Keyword Selection – Make sure you spell your topic keywords correctly so that other people can find you online. Use stock photo keyword tools to properly describe your photos. Another helpful tip is to test keyword popularity through the Google AdWords keyword tool to determine the most effective combination that buyers might search for.
Sell your photos on multiple stock photography websites – Most stock photography sites are non-exclusive and allow you to sell the same photos on more than one site. The more exposure your photos get, the better your chances of selling them and increasing your monthly income.
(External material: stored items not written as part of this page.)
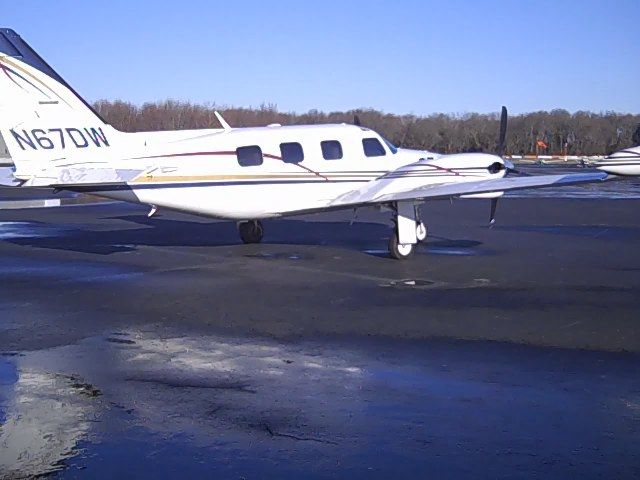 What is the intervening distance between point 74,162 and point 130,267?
2.59 metres

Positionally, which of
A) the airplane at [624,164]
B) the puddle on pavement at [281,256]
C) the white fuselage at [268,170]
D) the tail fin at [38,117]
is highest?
the tail fin at [38,117]


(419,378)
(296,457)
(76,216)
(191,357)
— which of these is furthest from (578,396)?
(76,216)

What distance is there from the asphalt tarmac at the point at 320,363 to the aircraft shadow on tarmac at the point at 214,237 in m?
1.17

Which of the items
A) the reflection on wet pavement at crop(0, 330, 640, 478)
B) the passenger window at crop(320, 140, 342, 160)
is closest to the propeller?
the passenger window at crop(320, 140, 342, 160)

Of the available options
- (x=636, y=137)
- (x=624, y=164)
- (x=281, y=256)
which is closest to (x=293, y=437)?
(x=281, y=256)

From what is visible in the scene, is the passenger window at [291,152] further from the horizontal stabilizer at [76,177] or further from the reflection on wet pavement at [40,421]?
the reflection on wet pavement at [40,421]

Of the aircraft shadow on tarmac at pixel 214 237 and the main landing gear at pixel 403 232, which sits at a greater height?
the main landing gear at pixel 403 232

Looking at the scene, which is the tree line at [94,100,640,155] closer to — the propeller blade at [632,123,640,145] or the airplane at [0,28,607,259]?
the propeller blade at [632,123,640,145]

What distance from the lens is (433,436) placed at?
6191 mm

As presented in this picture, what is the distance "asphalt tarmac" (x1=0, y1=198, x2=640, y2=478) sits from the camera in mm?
5805

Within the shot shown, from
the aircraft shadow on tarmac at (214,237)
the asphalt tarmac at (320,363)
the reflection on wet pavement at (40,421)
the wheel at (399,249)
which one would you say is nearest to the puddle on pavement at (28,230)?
the aircraft shadow on tarmac at (214,237)

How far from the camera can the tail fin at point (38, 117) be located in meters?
15.7

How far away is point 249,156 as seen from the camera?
17000 mm

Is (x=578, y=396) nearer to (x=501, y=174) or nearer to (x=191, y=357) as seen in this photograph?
(x=191, y=357) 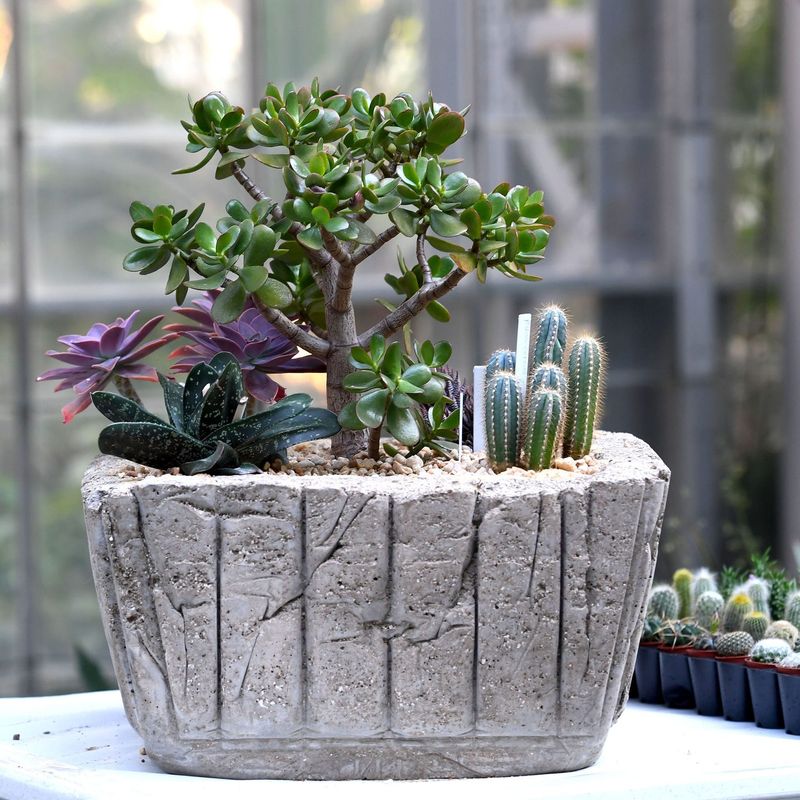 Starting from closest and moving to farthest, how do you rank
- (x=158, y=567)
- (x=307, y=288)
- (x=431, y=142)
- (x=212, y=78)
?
(x=158, y=567) → (x=431, y=142) → (x=307, y=288) → (x=212, y=78)

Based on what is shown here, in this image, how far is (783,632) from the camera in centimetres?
120

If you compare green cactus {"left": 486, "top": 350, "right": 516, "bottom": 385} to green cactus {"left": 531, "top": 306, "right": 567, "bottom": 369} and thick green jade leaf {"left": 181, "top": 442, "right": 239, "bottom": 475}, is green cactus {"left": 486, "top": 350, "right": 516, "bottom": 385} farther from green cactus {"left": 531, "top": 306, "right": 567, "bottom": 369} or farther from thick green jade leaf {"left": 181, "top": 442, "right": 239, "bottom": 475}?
thick green jade leaf {"left": 181, "top": 442, "right": 239, "bottom": 475}

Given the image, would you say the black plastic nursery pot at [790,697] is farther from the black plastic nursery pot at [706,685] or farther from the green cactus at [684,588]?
the green cactus at [684,588]

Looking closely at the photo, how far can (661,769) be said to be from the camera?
0.97 metres

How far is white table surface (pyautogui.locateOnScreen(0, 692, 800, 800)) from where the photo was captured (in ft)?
3.00

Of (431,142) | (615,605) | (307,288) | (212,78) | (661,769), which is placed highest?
A: (212,78)

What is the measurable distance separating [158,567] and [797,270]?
3.07 meters

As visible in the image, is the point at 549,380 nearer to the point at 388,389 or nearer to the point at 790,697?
the point at 388,389

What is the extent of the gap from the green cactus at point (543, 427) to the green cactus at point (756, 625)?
0.34 m

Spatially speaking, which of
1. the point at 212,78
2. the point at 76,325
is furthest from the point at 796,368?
the point at 76,325

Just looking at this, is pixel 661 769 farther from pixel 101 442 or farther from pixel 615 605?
pixel 101 442

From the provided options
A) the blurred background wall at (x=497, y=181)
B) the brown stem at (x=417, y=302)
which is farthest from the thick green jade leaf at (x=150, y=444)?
the blurred background wall at (x=497, y=181)

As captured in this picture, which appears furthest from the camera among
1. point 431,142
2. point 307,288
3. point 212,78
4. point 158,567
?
point 212,78

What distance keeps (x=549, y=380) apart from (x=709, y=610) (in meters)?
0.39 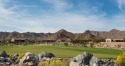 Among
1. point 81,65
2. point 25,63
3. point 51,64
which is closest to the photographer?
point 51,64

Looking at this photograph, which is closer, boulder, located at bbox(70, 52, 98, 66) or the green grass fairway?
boulder, located at bbox(70, 52, 98, 66)

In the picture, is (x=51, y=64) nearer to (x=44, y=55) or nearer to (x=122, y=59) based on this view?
(x=122, y=59)

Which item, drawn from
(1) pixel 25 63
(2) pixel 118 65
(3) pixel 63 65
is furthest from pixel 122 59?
(1) pixel 25 63

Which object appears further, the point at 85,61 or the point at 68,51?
the point at 68,51

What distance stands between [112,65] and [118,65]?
110 centimetres

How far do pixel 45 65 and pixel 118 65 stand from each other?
23.6ft

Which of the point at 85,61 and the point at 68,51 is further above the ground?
the point at 68,51

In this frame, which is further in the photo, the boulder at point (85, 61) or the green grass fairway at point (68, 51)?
the green grass fairway at point (68, 51)

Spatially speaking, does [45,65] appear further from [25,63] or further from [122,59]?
[122,59]

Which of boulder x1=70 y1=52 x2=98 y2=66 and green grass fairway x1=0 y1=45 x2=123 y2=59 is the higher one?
green grass fairway x1=0 y1=45 x2=123 y2=59

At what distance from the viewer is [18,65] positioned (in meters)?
23.5

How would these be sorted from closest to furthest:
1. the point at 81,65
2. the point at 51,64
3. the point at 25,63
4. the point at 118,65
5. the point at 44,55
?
1. the point at 51,64
2. the point at 81,65
3. the point at 25,63
4. the point at 118,65
5. the point at 44,55

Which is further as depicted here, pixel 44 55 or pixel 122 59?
pixel 44 55

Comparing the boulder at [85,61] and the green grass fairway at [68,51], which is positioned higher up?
the green grass fairway at [68,51] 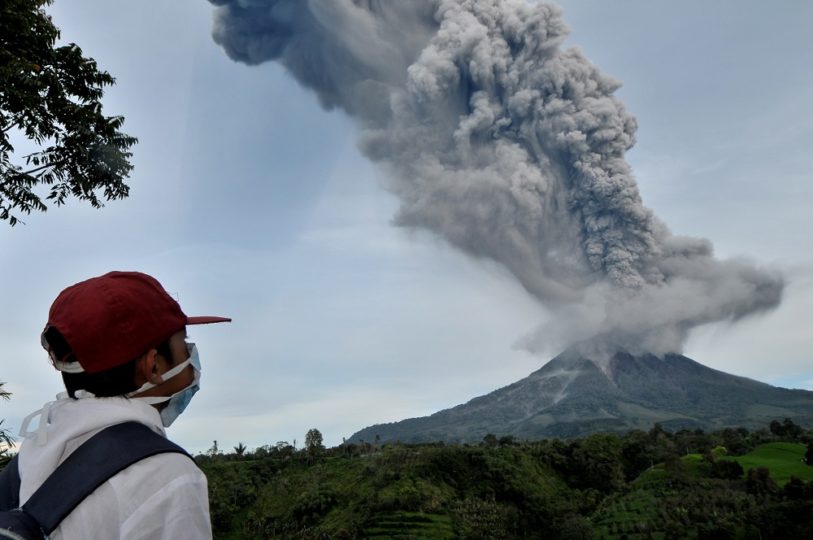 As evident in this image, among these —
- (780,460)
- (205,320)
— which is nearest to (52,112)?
(205,320)

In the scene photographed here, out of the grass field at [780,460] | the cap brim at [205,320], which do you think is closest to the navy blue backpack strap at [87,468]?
the cap brim at [205,320]

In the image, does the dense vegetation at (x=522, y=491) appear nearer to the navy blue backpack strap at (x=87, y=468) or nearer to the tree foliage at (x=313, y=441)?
the tree foliage at (x=313, y=441)

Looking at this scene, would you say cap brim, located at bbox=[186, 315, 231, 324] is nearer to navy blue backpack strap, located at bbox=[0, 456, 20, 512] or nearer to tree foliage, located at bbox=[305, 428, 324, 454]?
navy blue backpack strap, located at bbox=[0, 456, 20, 512]

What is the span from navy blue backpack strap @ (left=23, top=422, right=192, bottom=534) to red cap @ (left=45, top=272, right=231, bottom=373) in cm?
33

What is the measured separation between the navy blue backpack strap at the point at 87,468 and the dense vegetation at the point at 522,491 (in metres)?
43.9

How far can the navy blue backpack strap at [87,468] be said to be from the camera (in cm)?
A: 139

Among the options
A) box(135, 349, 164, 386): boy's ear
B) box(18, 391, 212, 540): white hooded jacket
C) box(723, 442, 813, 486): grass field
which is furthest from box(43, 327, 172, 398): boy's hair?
box(723, 442, 813, 486): grass field

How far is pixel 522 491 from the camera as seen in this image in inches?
2122

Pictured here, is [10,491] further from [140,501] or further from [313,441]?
[313,441]

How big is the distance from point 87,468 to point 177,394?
62cm

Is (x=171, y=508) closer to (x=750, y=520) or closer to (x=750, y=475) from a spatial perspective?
(x=750, y=520)

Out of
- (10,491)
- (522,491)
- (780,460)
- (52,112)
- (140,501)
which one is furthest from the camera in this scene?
(780,460)

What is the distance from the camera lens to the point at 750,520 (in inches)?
1474

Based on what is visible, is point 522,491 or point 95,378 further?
point 522,491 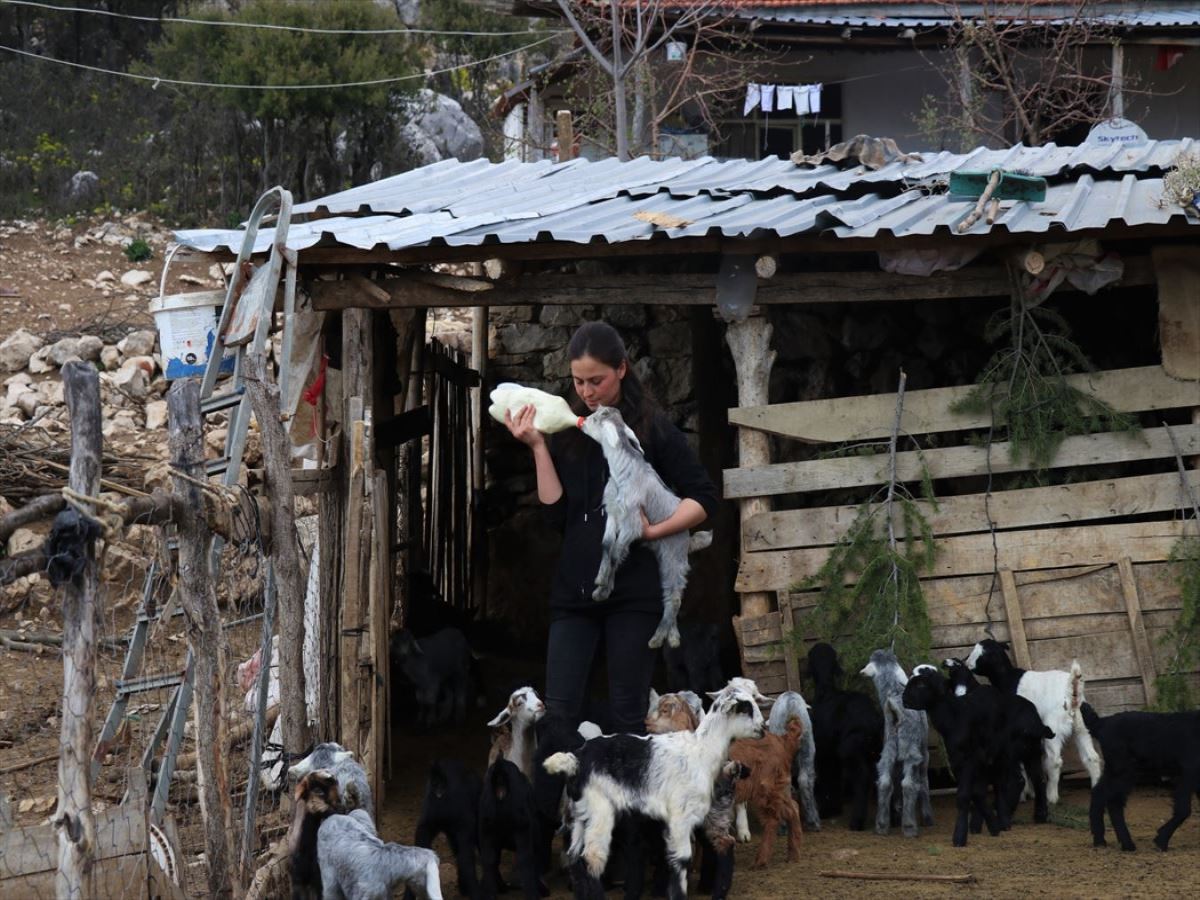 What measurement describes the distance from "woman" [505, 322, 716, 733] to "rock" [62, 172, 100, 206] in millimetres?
16974

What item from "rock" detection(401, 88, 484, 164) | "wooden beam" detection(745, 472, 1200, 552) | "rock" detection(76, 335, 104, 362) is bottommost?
"wooden beam" detection(745, 472, 1200, 552)

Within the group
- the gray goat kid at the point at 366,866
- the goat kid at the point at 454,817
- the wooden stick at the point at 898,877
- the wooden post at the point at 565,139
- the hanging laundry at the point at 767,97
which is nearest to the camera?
the gray goat kid at the point at 366,866

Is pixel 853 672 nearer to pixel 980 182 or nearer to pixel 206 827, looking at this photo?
pixel 980 182

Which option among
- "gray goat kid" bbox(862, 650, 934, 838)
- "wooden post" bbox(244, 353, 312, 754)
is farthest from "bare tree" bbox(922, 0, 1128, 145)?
"wooden post" bbox(244, 353, 312, 754)

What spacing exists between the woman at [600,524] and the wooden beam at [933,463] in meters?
1.85

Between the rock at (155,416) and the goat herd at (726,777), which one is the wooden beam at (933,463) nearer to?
the goat herd at (726,777)

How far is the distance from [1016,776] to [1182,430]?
2038 millimetres

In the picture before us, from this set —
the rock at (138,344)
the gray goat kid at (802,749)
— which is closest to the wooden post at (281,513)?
the gray goat kid at (802,749)

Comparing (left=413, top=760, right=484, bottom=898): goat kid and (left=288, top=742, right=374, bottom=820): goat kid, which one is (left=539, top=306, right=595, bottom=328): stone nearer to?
(left=413, top=760, right=484, bottom=898): goat kid

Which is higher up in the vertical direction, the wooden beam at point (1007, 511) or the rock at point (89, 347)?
the rock at point (89, 347)

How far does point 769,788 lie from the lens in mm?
6395

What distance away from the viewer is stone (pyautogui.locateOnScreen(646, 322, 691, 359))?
10.3 metres

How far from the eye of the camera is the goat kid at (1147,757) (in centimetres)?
634

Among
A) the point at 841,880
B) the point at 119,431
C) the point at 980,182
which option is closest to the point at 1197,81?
the point at 980,182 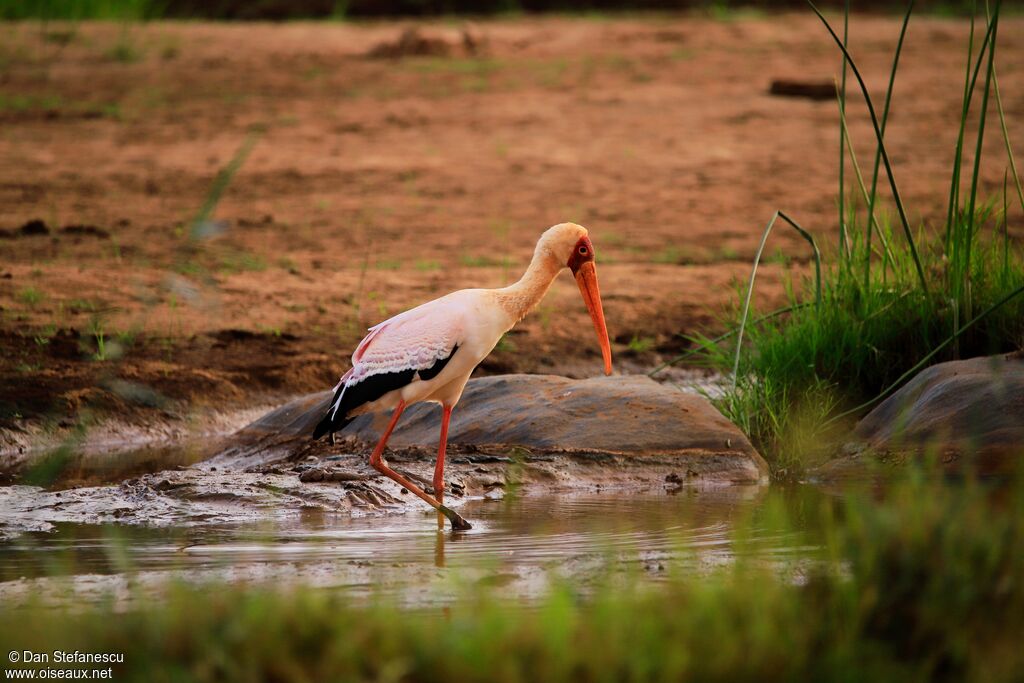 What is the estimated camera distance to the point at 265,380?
683 centimetres

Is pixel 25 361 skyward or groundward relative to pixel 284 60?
Result: groundward

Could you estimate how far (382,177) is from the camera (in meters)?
10.7

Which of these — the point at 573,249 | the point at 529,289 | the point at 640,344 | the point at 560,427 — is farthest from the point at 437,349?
the point at 640,344

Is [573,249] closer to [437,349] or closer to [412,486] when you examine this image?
[437,349]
Many of these bloggers make it clear that photographers should focus their efforts on producing photos that will be sold on these stock photo sites. Unfortunately, this does not always encourage creativity. Most stock photo sites expect certain types of photos to sell and often reject many good photos in the process. I think things would be better for both buyers and photographers if the stock photo site’s standards for selecting photos were less strict. As time changes, you never know what kind of images buyers will be looking for. I think it’s problematic to assume that buyers aren’t interested in more creative photography. Why not try putting it on the market and see if it sells? If you offer buyers more options, they may use them.